▶ [INPUT DATA]
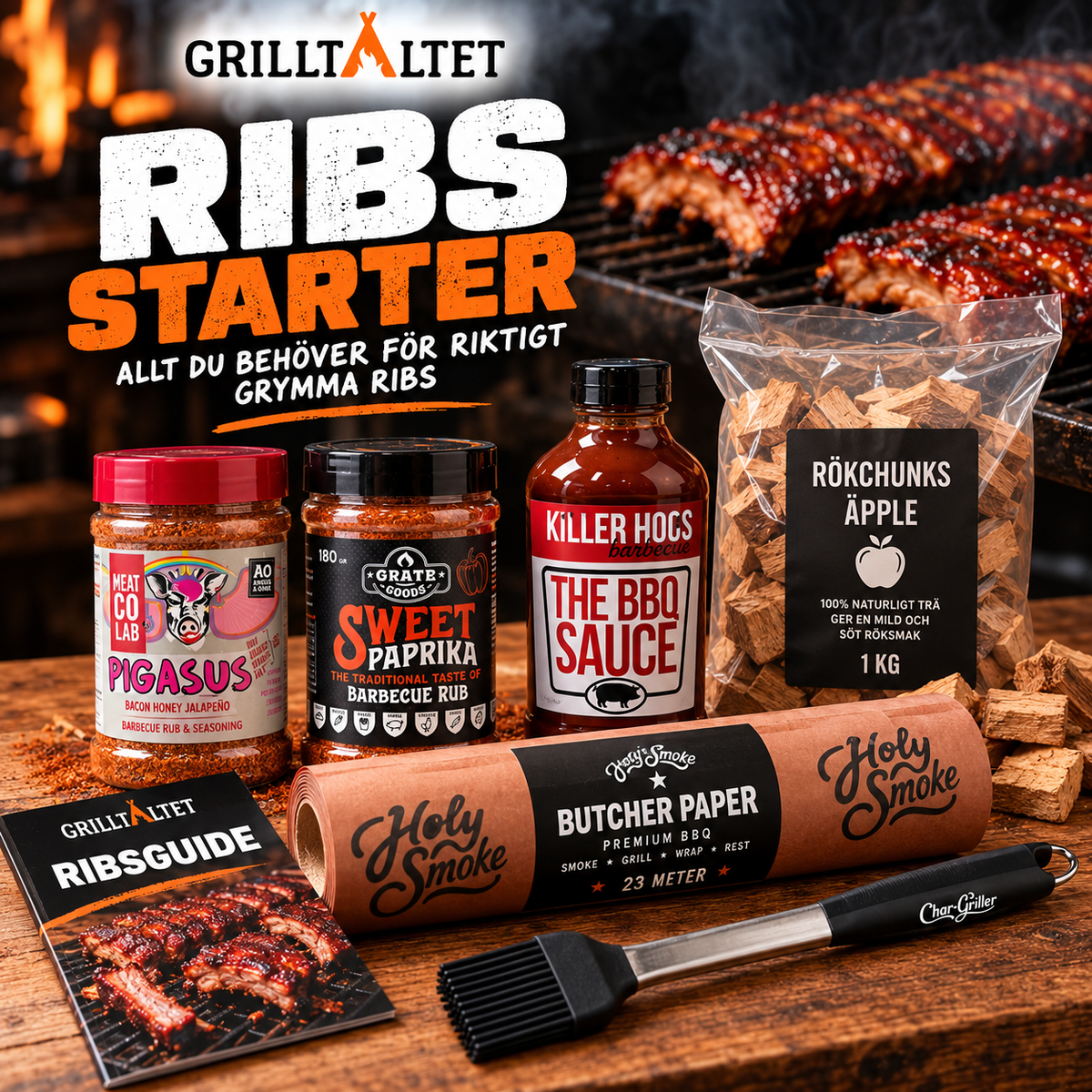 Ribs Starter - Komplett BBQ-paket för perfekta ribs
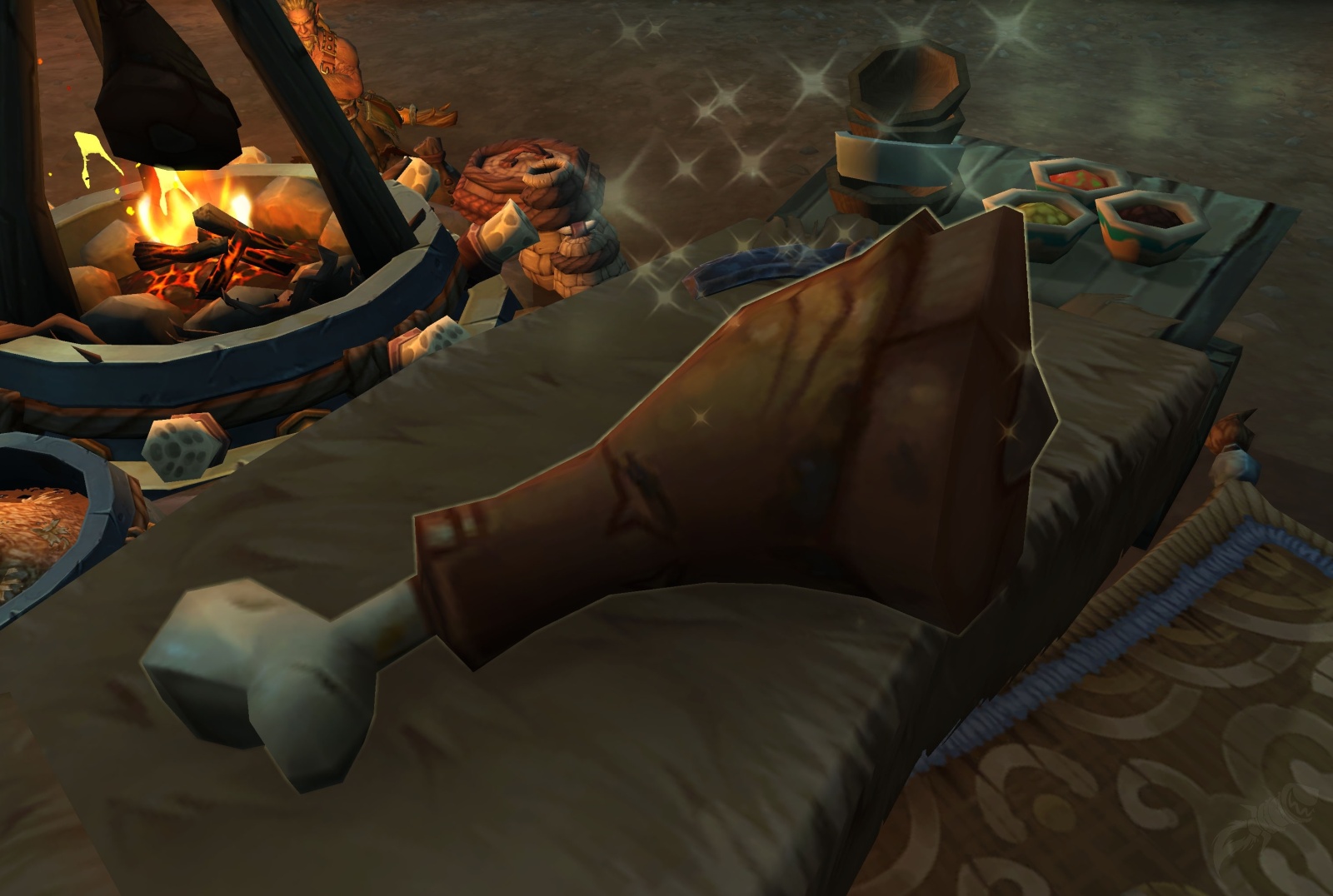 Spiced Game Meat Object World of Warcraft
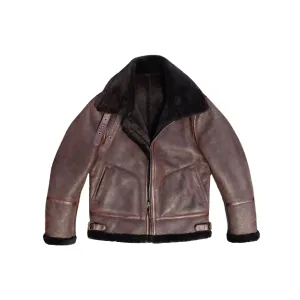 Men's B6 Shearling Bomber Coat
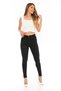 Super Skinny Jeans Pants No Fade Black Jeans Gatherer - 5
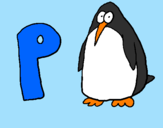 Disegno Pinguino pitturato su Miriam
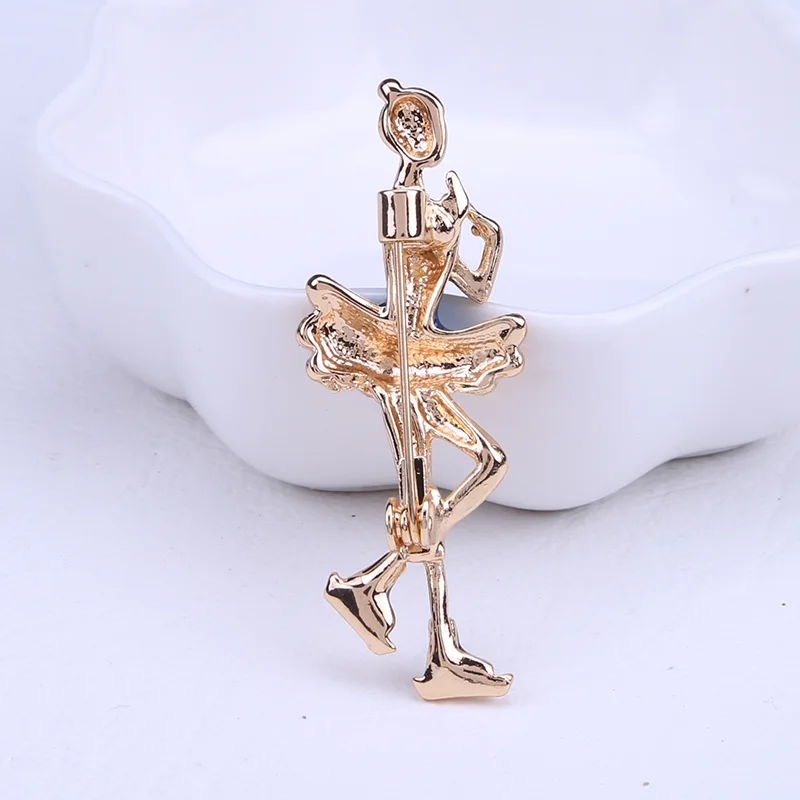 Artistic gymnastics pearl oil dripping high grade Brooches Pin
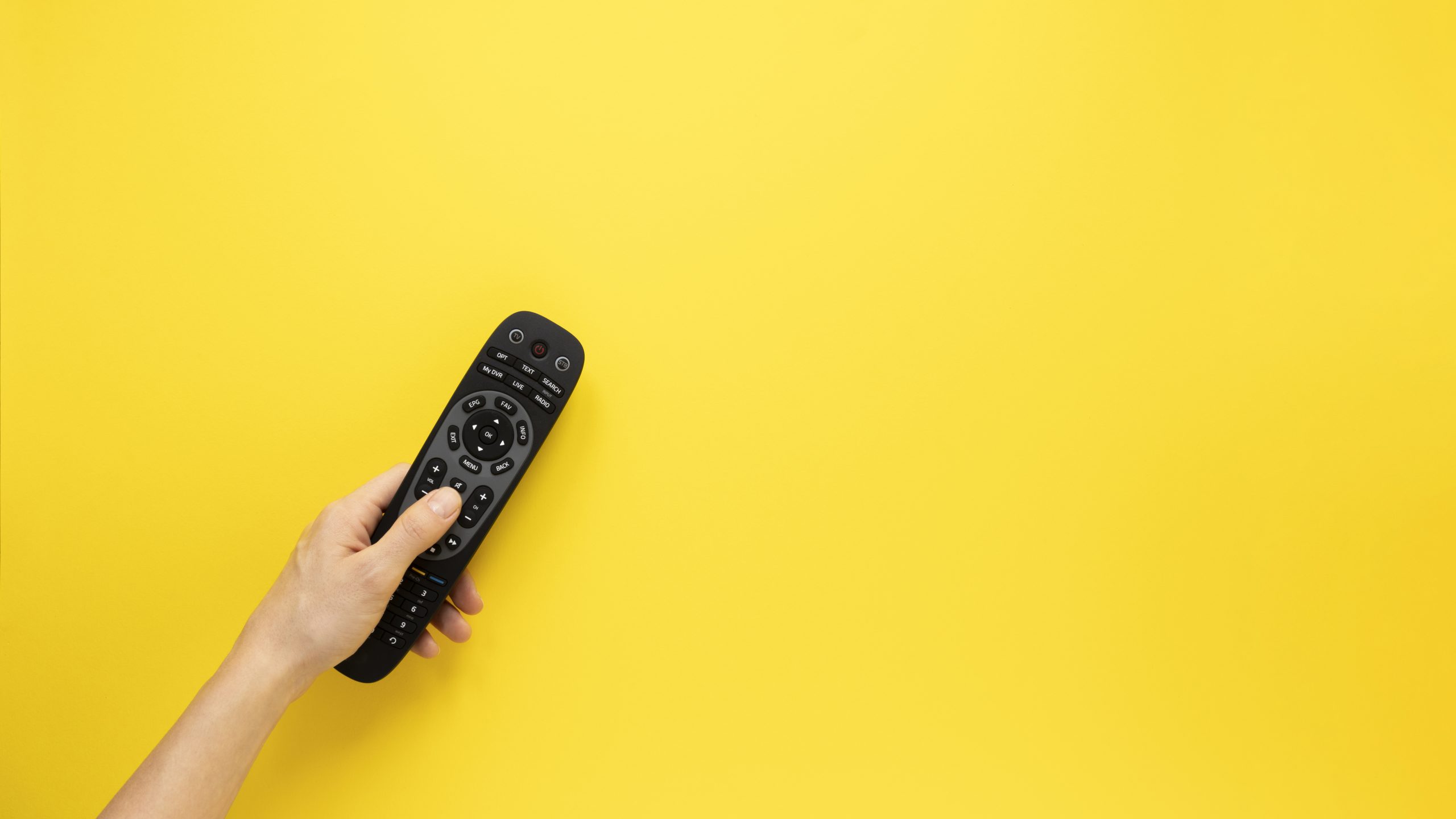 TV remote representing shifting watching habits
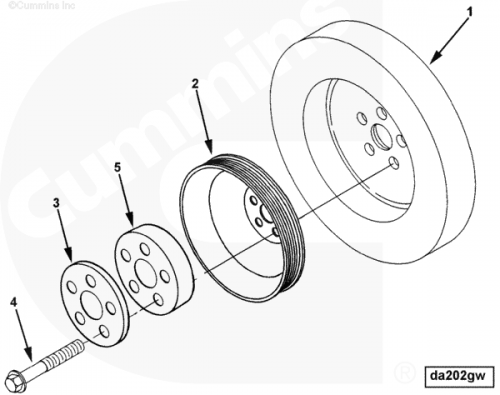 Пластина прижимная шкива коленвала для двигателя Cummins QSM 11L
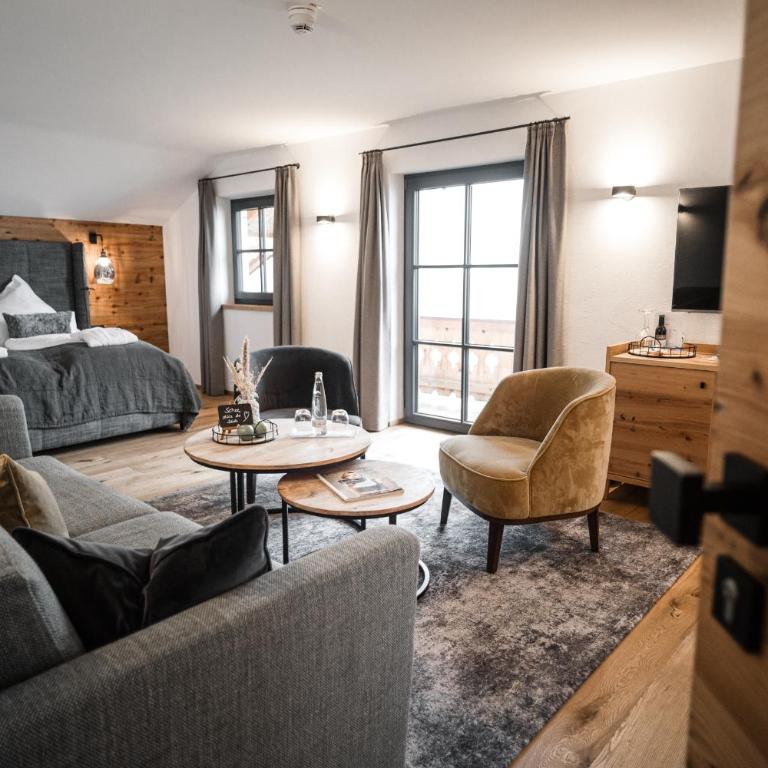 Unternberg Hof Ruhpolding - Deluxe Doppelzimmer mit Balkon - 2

▶ [WHAT IS EXPECTED] Once you reach the line containing "TV remote representing", print it and every line after it exactly, through the end of the entries, without any pictures.

▶ [WRITTEN RESPONSE]
 TV remote representing shifting watching habits
 Пластина прижимная шкива коленвала для двигателя Cummins QSM 11L
 Unternberg Hof Ruhpolding - Deluxe Doppelzimmer mit Balkon - 2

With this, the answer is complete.